Dataset How to pad a dataset - format your extracted data better by using padding.
Array Manipulating Arrays - find out how to use the special array utility methods to easily handle arrays within scrapes.
Action Perform an action only once during a scrape - find out how to perform an action only once during an entire scrape.
Refine Refining scraped data - discover how to remove non-required data from your scrapes.
Email Address Scrape email addresses from a website - find out how to scrape all email addresses from a website.
Screenshot Screenshot entire website into PDFs or Images - find out how to use GrabzIt's Web Scraper to capture every page of an entire website.
Screenshot Extract structured information from unstructured text - use GrabzIt to extract sentiment, names, locations and organizations.

Scraping Content other than HTML

When the Web Scraper comes across PDF's, XML, JSON and RSS it will convert it to a HTML approximation, which allows our Web Scraper to parse it correctly and you to select what content you wish to extract. For instance, if you wanted to parse JSON data it will convert the data into a hierarchal HTML representation as shown to the side. This allows you to build scrape instructions as normal.

In a similar way when the scraper loads a PDF document, the PDF is converted into HTML to allow images, hyperlinks, text and tables to be selected and scraped.
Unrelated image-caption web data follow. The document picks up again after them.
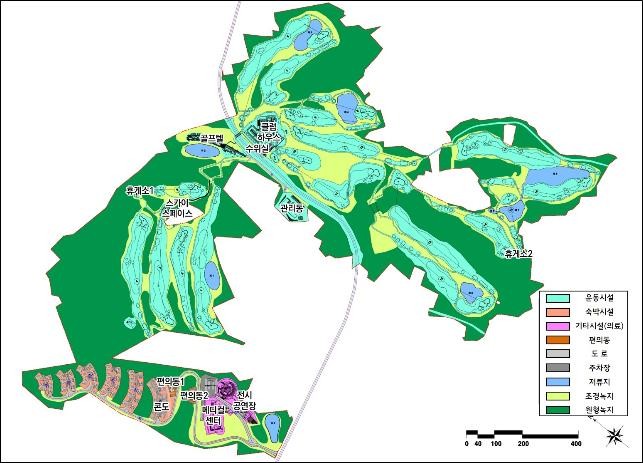 우리들메디컬골프리조트 시설 배치도 [제주도 제공.재판매 및 DB 금지]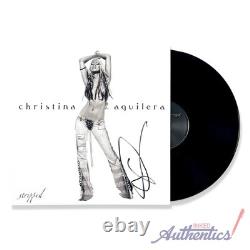 Christina Aguilera Vinyle LP Autographié Signé Stripped PSA/DNA Authenticité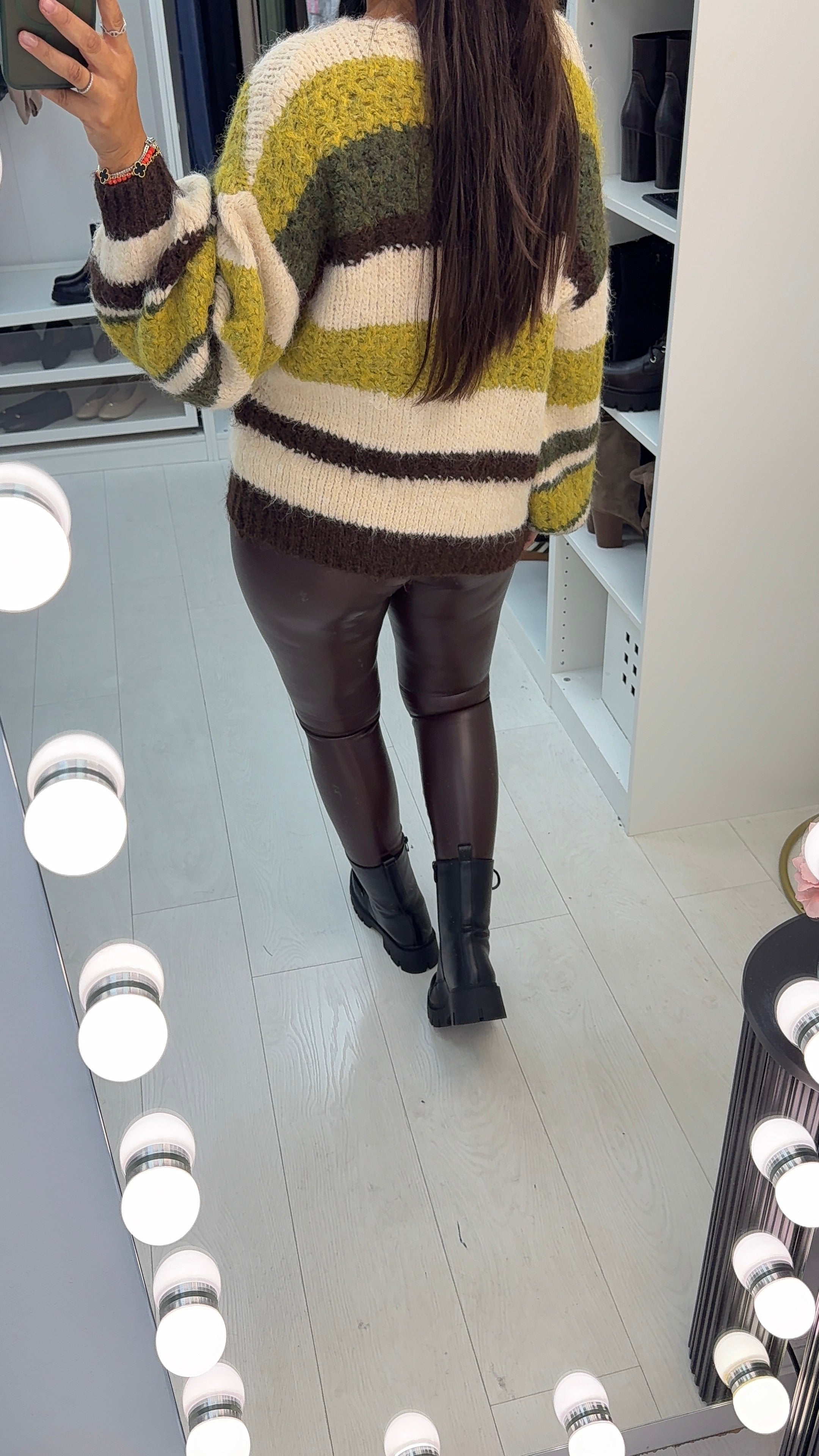 Lotty Striped Chunky Knit Jumper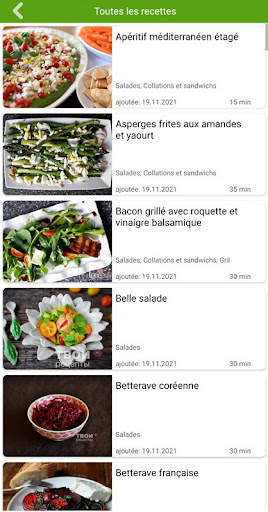 Recettes de salades screenshot 3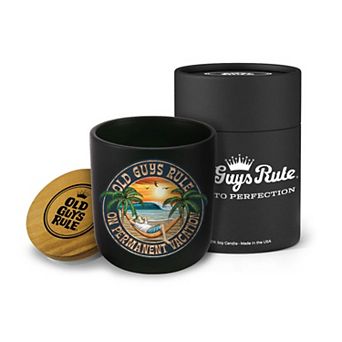 Old Guys Rule Hammock Vacation - 14-oz Candle Jar - Knock On Wood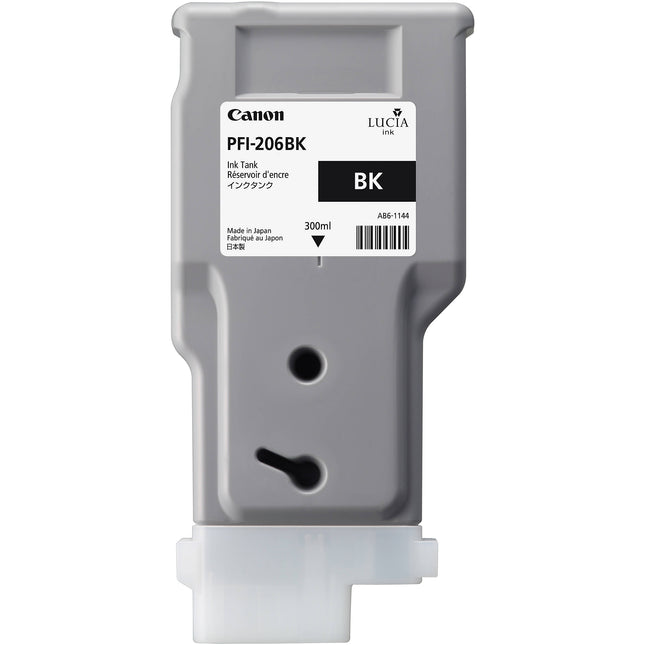 Canon PFI-206 Cartucho de Tinta Negro 300 ml para impresoras imagePROGRAF iPF6400 iPF6400S iPF6450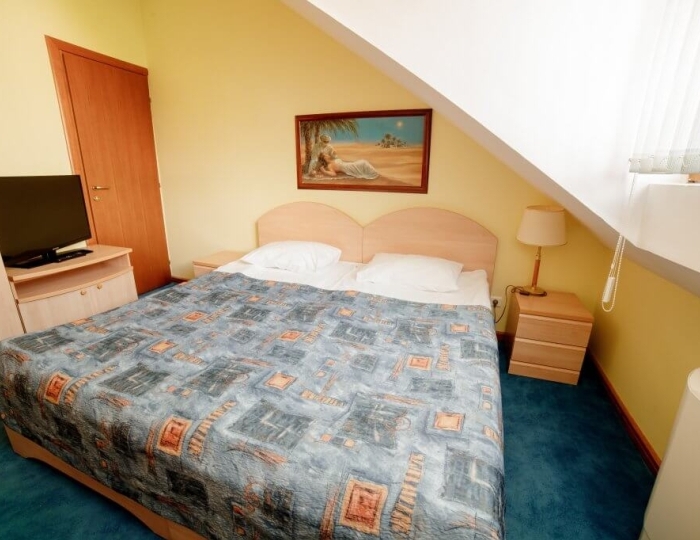 Стандарт 2-местный 1-комнатный в Коттедже с раздельными кроватями, мансардный, доп. место - под расписку - Отель «Прометей Клуб»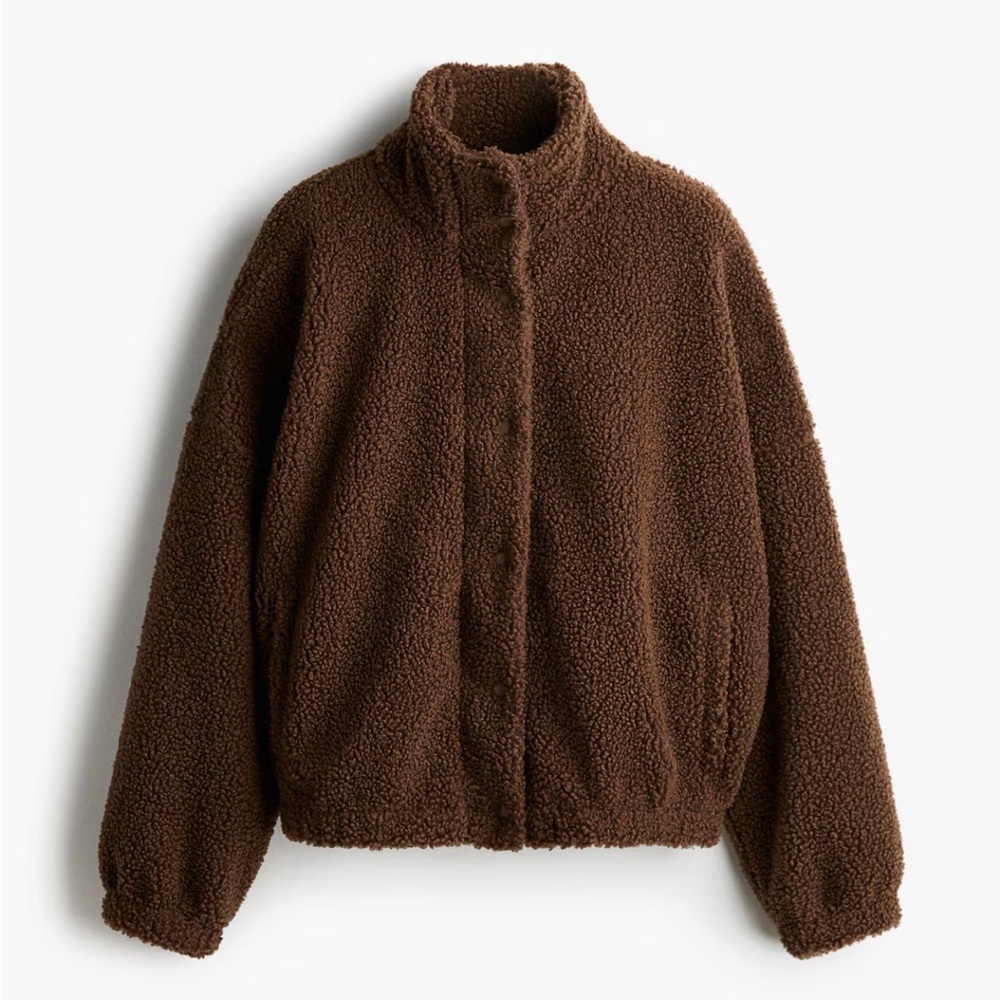 H&M Teddy Brown Jacket - Picture 2 of 7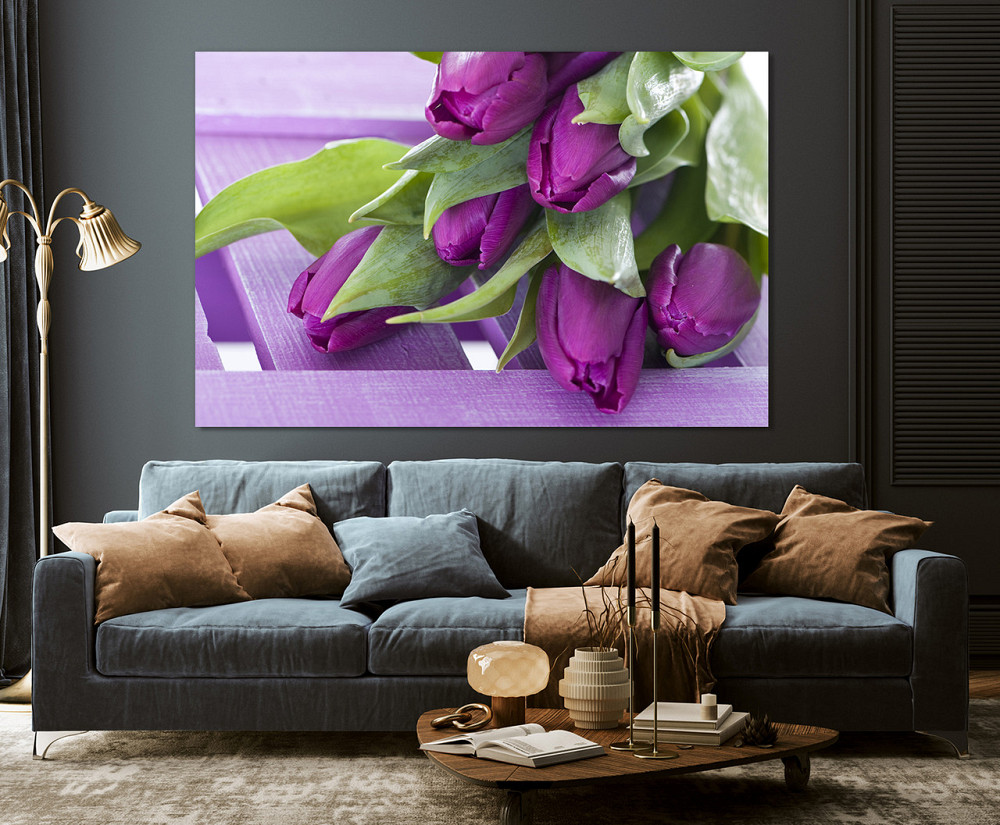 Картина полотно у вітальню / спальню  Тюльпани    MLP_394 ( 60х30см ) Київ - фото 3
However As a PDF has no real structure, tables are identified using heuristics and so are not always accurate.

Export Options

This tab allows you to choose how you wish to export your results your options including as Excel spreadsheets, XML, JSON, CSV, SQL commands, or HTML documents. Additionally, this tab allows the name of the zipped scrape results to be set. If you are only downloading files or creating web captures then there is no need to choose an export option as you will just receive a ZIP file containing the results. This tab also allows you to specify how you wish to send the results. You can send the results via Amazon S3, Dropbox, email notification, FTP and WebDav.

The final option is a Callback URL, which allows the scrape results to be processed in your application by using our scrape API.

The filename of the zipped results or each data file if you request them to be sent separately can be set by unchecking the Use Default Filename option and setting your desired filename. Additionally, a timestamp can be added to your filename by putting {GrabzIt_Timestamp_UTC+1} in the filename. The +1 denotes the offset in hours from UTC.

You can also view the results of a scrape by clicking the View Results button, next to your scrape, this will show any real-time scrape results, as well as previous ones carried out within the last 48 hours.

Schedule Scrape

When creating a web scrape the Schedule Scrape tab allows you to set when you want the scrape to start and if you want it to repeat, how frequently it should do so. The scrape can also be configured to run when a change on a web page is detected. To do this Start When a web page changes checkbox, then enter the URL of the web page to monitor, along with the CSS selector of the part of the page you are interested in. It is important a small part of the page is selected to avoid false positives due to inconsequntial changes.

Monitoring and Debugging Scrapes

Once the web scrape starts the status icon will change to and the processed pages will start to increase over time. A real time snapshot of the scrapes progress is regularly produced with a log file being generated along with a regular screenshot of the last web page the scraper has encountered. This allows you to see what is happening during the scrape. To find this information, click on the expand icon next to your scrape and click Viewer for the scrape you are interested in. This should detail if there have been any errors such as problems with your scrape instructions.

Once the scrape has completed successfully the status icon will switch to , if there is no result by opening the Viewer the log and last screenshot may tell you what went wrong.

One of the most common problems reported in the logs that is there isn't a sufficient rendering delay to scrape the page, often a small increase in the Page Load Delay found in the Scrape Options tab is enough for most websites.